(Data entries)
[Start of section]

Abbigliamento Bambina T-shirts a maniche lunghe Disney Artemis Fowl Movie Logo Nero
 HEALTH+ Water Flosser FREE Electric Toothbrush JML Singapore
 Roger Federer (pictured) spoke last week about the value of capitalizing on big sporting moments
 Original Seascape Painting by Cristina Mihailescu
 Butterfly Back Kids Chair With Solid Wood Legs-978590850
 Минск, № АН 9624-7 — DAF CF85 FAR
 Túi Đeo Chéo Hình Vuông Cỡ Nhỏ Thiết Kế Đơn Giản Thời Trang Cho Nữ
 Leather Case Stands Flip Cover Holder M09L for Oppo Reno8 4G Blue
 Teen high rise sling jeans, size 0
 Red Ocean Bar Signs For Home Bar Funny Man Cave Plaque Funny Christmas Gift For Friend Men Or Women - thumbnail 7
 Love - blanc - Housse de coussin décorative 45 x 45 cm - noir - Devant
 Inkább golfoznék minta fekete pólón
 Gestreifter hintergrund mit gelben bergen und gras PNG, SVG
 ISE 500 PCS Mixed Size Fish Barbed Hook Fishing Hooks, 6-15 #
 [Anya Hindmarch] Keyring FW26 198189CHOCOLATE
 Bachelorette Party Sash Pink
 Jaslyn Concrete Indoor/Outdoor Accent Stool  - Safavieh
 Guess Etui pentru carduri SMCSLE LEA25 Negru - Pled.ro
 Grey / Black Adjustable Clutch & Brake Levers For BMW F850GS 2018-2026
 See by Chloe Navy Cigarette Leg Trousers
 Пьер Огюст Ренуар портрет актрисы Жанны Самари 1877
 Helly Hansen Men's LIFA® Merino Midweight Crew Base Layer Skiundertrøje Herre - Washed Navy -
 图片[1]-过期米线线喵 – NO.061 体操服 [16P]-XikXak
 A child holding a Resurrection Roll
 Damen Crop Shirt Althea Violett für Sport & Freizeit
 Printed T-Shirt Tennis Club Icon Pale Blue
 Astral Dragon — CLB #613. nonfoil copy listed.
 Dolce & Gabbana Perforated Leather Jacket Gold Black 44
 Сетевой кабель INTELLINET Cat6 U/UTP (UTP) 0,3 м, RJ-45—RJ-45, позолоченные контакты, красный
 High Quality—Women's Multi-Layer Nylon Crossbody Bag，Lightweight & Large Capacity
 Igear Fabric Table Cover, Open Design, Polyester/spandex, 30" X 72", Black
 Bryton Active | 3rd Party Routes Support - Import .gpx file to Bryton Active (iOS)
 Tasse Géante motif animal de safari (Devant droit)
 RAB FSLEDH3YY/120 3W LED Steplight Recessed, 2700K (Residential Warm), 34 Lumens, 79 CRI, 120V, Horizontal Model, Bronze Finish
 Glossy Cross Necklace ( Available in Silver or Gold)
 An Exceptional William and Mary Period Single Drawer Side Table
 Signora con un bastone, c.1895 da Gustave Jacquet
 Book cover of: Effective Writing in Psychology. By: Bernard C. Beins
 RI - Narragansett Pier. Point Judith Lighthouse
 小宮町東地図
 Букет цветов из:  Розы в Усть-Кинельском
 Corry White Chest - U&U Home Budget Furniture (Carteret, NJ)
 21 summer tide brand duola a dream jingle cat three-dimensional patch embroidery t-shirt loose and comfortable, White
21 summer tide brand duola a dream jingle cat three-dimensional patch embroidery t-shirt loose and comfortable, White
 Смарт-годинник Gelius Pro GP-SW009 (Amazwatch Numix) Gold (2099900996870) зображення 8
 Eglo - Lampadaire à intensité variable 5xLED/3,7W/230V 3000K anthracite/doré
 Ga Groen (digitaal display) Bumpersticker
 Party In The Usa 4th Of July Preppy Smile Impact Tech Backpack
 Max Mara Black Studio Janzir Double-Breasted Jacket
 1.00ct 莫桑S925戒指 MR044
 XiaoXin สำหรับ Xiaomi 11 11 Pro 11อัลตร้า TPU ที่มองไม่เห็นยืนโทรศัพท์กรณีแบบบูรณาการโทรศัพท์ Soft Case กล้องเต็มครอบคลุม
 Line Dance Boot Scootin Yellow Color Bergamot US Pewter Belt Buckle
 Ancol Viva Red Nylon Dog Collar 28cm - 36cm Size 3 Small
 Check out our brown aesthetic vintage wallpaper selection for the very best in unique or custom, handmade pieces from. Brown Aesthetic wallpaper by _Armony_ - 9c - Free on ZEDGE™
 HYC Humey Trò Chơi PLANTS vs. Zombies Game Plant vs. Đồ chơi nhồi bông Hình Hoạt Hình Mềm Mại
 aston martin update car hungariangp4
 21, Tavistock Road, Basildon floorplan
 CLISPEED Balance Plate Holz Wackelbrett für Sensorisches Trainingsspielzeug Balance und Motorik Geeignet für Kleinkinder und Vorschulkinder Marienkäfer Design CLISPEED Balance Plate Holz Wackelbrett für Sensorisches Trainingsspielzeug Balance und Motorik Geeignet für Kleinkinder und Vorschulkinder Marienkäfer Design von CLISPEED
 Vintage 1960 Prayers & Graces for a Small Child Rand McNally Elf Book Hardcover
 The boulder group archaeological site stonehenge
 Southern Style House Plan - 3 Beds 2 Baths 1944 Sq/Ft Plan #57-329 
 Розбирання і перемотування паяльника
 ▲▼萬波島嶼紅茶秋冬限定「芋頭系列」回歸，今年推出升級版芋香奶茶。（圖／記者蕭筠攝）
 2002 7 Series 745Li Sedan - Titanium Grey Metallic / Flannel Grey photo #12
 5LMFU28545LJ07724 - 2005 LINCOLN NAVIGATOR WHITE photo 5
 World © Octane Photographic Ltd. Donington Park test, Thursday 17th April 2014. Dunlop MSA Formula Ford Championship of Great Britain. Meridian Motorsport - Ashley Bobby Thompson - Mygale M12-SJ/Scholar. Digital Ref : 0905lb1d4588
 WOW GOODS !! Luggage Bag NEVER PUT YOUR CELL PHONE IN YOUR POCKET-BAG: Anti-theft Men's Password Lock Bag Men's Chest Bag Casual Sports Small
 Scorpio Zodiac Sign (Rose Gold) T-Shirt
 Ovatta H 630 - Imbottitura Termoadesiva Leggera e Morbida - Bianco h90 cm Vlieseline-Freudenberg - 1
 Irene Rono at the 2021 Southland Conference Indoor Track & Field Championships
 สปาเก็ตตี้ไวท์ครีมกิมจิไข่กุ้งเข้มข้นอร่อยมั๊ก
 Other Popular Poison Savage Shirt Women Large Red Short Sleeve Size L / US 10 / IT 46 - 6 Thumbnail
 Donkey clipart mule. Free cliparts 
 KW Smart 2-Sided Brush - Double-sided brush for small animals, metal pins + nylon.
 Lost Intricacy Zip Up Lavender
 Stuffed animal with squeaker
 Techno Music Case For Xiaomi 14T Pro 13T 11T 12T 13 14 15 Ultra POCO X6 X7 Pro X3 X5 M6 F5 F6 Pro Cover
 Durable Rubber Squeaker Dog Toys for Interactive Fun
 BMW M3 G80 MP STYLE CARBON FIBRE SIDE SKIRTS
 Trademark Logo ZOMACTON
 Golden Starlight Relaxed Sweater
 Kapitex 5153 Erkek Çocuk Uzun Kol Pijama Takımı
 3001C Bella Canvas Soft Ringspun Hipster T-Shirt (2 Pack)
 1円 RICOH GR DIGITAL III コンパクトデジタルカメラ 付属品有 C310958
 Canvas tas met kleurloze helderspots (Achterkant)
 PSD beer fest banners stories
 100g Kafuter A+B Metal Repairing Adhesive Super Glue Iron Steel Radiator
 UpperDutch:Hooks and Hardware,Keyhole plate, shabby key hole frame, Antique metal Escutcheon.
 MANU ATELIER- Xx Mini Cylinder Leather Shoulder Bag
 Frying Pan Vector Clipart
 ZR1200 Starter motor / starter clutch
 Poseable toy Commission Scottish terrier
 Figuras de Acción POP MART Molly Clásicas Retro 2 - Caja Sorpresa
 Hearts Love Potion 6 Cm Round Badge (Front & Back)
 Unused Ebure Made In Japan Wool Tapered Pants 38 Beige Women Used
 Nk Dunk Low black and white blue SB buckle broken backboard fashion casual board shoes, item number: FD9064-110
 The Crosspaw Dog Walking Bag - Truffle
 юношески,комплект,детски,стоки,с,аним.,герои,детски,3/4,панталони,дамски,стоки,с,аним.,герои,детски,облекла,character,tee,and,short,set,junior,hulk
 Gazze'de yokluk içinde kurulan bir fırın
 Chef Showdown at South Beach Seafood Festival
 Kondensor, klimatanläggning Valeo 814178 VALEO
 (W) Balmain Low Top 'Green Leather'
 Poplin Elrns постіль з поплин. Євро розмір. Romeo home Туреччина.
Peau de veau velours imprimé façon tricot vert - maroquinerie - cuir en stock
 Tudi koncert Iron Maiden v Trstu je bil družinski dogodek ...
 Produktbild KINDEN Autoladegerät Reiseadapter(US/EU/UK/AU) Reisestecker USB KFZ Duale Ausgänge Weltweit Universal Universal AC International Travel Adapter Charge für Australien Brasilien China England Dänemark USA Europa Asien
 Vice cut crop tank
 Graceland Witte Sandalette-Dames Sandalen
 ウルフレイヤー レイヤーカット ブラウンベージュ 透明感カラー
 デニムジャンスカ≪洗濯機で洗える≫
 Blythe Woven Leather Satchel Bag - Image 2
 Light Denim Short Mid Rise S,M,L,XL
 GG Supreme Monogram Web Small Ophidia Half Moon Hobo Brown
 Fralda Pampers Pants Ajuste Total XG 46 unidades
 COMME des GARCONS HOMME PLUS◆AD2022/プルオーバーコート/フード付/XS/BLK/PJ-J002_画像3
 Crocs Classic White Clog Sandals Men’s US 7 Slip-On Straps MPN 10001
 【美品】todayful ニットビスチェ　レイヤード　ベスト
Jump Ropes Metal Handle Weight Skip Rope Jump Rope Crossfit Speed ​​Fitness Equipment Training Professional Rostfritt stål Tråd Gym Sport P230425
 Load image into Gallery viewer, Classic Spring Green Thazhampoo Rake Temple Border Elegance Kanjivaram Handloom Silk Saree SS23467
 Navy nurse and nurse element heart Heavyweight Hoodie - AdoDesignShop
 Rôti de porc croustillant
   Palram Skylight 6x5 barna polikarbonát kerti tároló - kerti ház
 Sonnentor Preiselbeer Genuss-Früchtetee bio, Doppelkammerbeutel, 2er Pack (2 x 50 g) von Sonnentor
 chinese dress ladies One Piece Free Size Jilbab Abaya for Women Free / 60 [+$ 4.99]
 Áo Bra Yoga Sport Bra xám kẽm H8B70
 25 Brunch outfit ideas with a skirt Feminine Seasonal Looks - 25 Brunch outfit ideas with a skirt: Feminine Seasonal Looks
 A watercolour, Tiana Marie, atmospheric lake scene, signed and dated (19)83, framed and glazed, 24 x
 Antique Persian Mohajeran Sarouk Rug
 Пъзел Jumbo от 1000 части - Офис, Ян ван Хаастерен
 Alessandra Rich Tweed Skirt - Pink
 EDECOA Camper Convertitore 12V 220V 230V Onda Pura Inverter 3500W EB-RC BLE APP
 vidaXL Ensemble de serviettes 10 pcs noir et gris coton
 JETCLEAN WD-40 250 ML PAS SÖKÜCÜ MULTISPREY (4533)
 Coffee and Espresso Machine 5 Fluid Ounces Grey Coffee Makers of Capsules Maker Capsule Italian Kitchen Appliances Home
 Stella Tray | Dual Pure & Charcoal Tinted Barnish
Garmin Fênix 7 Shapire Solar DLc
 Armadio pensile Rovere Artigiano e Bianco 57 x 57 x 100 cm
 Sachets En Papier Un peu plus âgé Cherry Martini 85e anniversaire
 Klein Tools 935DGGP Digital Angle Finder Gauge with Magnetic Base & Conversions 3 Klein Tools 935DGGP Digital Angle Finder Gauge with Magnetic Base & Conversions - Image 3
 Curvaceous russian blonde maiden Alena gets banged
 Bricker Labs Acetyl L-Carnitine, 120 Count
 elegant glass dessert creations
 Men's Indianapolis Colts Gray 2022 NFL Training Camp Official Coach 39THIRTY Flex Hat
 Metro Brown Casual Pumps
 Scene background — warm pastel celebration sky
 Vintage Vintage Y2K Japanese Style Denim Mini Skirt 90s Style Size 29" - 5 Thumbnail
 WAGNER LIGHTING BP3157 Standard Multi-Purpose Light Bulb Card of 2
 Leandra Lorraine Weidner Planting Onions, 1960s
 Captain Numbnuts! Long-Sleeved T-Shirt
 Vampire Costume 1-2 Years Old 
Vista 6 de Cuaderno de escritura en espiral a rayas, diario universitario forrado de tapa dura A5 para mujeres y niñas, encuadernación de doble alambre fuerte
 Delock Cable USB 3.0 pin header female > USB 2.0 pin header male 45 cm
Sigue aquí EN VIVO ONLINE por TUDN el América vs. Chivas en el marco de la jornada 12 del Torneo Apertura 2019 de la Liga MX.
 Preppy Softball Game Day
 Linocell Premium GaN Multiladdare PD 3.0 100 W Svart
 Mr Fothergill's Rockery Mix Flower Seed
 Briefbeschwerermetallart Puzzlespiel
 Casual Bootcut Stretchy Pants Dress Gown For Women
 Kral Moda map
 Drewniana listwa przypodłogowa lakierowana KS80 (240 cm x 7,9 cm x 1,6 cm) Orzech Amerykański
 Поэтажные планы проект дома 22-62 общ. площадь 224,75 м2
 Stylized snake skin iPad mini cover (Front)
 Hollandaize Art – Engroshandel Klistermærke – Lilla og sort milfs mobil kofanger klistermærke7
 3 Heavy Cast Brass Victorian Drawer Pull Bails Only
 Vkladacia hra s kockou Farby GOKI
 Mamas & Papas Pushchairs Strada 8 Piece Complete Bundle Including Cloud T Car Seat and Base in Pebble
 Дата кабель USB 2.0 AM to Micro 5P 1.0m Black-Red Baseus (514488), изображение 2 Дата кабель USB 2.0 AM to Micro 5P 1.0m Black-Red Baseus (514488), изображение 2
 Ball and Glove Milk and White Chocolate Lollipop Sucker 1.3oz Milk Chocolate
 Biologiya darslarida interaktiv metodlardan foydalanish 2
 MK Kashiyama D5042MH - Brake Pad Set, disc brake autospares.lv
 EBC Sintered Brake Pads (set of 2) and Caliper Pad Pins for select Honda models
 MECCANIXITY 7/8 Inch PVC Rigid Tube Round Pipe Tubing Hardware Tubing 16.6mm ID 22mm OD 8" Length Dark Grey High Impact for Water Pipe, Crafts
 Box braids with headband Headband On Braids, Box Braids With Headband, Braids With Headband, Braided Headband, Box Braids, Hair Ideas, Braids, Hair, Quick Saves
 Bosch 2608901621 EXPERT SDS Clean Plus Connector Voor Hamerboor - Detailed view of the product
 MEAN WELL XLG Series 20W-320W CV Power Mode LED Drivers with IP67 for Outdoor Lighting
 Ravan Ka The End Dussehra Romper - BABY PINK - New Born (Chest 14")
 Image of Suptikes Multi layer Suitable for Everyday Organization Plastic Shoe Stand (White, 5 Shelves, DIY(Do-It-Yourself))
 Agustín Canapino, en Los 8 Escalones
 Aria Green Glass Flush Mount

[End of section]

§ **EXERCISE DETAILS**:
An answer is complete only when it holds every line above containing the string "Game".

§ **SOLUTION TO THE PROBLEM**:
 HYC Humey Trò Chơi PLANTS vs. Zombies Game Plant vs. Đồ chơi nhồi bông Hình Hoạt Hình Mềm Mại
 Preppy Softball Game Day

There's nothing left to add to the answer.